Comme elle s’était allongée, je fis de même. La chambre était climatisée, mais très légèrement, pour épargner ma main. Ces derniers jours, il faisait si chaud et lourd, si humide, que médecin et infirmière m’avaient conseillé de climatiser, ne fût-ce que pour assécher l’air. Je faisais donc semblant de dormir, mais observais le petit bout pointu de la mule chinoise qu’on entrevoyait sous le pan de son peignoir. Des pieds si délicatement effilés sont rares chez les Japonaises.

« Tu es encore réveillé, hein ? Je ne t’entends pas ronfler. Mme Sasaki m’a dit que tu ronflais tout de suite.

— Je ne sais pas pourquoi, j’ai du mal à m’endormir.

— Ce ne serait pas parce que je suis à côté ? » Comme je restais sans répondre, elle gloussa : « Il vaudrait mieux que tu ne t’excites pas, c’est mauvais pour la santé. Tu veux que je te donne de l’Adaline pour te calmer ? »

C’était la première fois que Satsuko se montrait aussi coquine avec moi. Ses paroles eurent précisément pour effet de m’exciter.

« Non, je n’en suis pas là !

— Mais si, je vais te soigner. »

Et, pendant qu’elle était sortie chercher les médicaments, j’eus l’idée d’une autre réjouissance.

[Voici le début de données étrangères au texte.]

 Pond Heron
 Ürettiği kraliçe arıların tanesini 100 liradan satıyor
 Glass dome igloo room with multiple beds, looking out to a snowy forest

« Voilà, tu vas prendre ça, deux comprimés, c’est bien ? »

Elle tenait de la main gauche une soucoupe, de la main droite le flacon d’où tombèrent deux comprimés, puis elle apporta un verre d’eau de la salle de bains.

« Allez, aaah… Ouvre grand la bouche ! Je m’en occupe, laisse-toi faire.

— Au lieu de me les proposer sur une assiette, tu ne pourrais pas me les mettre dans la bouche ?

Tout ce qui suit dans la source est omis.